Bašić appeared in the lead position on the DS's electoral list for the Novi Sad division in the 1993 Serbian parliamentary election and was elected when the list won four mandates. (From 1992 to 2000, Serbia's electoral law stipulated that one-third of parliamentary mandates would be assigned to candidates from successful lists in numerical order, while the remaining two-thirds would be distributed amongst other candidates on the lists at the discretion of the sponsoring parties. Due to his list position, Bašić received an automatic mandate.) The Socialist Party of Serbia won the election, and the DS served in opposition. Bašić took his seat when the assembly met in early 1994 and was chosen as one of the assembly's vice-presidents (i.e., deputy speakers). He also chaired the committee on foreign economic relations. During his term in the assembly, he was described in a New York Times article as the highest-ranking member of the Serbian opposition.

In August 1994, Bašić said that a proposal from the Republika Srpska assembly for the unification of their territory and that of the Republika Srpska Krajina with the Federal Republic of Yugoslavia deserved serious consideration. He indicated that the United Nations would first need to verify the status of the Republika Srpska and thereby provide international guarantees that the entity could unite with whomever they so chose.

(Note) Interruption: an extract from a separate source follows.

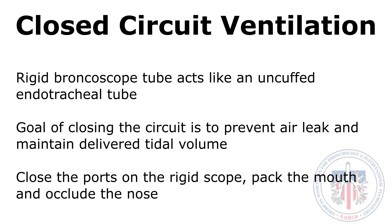It is important to close the bronchoscope ports, pack the mouth, and if able, occlude the nose.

In 1996, the DS joined with the Serbian Renewal Movement (Srpski pokret obnove, SPO) and other parties to form the Zajedno (English: Together) coalition. Bašić was elected to the Vojvodina assembly in the 1996 provincial election as a Zajendo candidate, winning in Novi Sad's fifteenth division.

Bašić was expelled from the DS on 19 August 1997 against the backdrop of divisions in the party. He was not a candidate for re-election to the national assembly in 1997 and was not re-elected to the provincial assembly in 2000.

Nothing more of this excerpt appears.